Pick a Pocket Or Two: A History of British Musical Theatre by Ethan Mordden

Few write as engagingly and knowledgeably about the American musical theater as Ethan Mordden, so it makes sense that he would turn his talents to the British musical theater. Mordden is skilled both at pronouncing major themes (for example, broadly speaking, the American musical is about ambition and the British musical is about social order) and showering the reader with detail, whether it be how much Andrew Lloyd Webber loathed the New York production of Jesus Christ Superstar or how Paul Scofield, not yet acclaimed for playing King Lear or winning an Oscar for his performance as Sir Thomas More in A Man for All Seasons, stole the show in Expresso Bongo, a 1958 musical in which he played the manager to a pop idol named Bongo Herbert. Mordden is especially good on Noël Coward and at digging into why Coward’s musicals were never quite as good as his plays.

The book concludes with a wonderful discography that shows Mordden at his obsessive best. Who knew, for instance, that there is a cast album of the Canadian production of Sunset Boulevard featuring Diahann Carroll? Well, now you know!

Once More to the Sky: The Rebuilding of the World Trade Center by Scott Raab and Joe Woolhead

When Scott Raab set out to chronicle the construction of One World Trade Center, or Freedom Tower, for Esquire, nothing was certain about the project. After 10 years, $4 billion, and enough setbacks to deter Odysseus, the project was finished, but not before Raab and photographer Joe Woolhead had managed to tell the extraordinary and moving tale of what it took to build what is, after all, an office building over a graveyard. The book and its photos are a singular kind of time capsule, and revelatory to those who now see One World Trade Center as the place where Condé Nast, its poshest tenant, is trying to cut back its lease.

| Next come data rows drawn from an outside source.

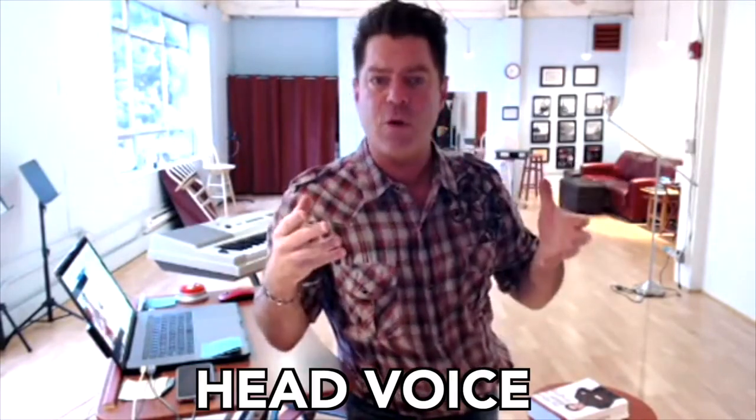Head voice is the higher stuff. That tends to be more difficult. Initially it starts with falsetto, but through the training and this program, you build the musculature and you begin to not have it sound like falsetto if you don't want it to. You begin to build the strength and motor skills and things we're talking about in the course and in the book to help you sound big and boomy in the head voice.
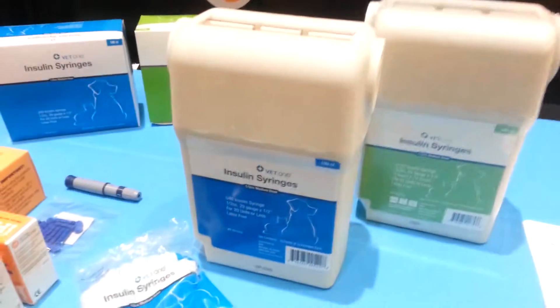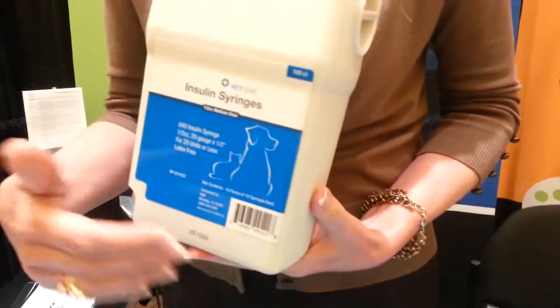We are at the WIS Shales meeting talking to Kathy from Ultimed about the VET1 insulin syringes. We manufacture insulin syringes in both the standard box, but what sets us apart from the competition is a product called the UltiGuard. It's an all-in-one dispense and dispose.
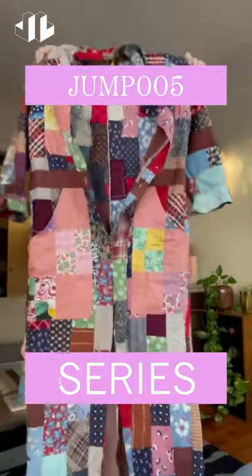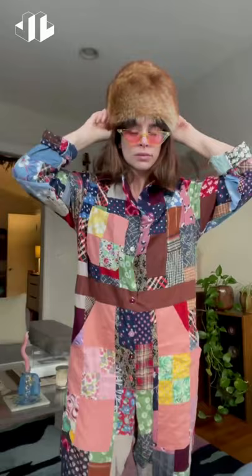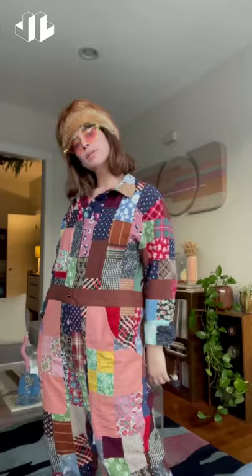Today I'm wearing this jumpsuit by the series New York. This piece is one of a kind and reconstructed by hand using vintage materials. This one in particular is a quilt top cover, so it's super lightweight, feels like a cotton, and I just love the fit of it. It's a little bit more oversized — I'm wearing the medium.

The Brilliant Abyss: Exploring the Majestic Hidden Life of the Deep Ocean, and the Looming Threat That Imperils It by Helen Scales

Unlike some books, this one has a subtitle that accurately describes what is between its covers. A marine biologist, Scales writes beautifully of the ocean floor (they are “not simply endless, flat tracts of mud. They are intersected by undulating hills and winding valleys, burping mud volcanoes and fizzing Jacuzzis of methane bubbles … ”) while at the same time instilling rage for the damage wrought by deep-sea fishing and mining. If we do not take action now, Scales argues, we will destroy our waters just as surely as we are destroying our air. It is the author’s gift to leave us both enthralled and angry, but angered to action and not to despair.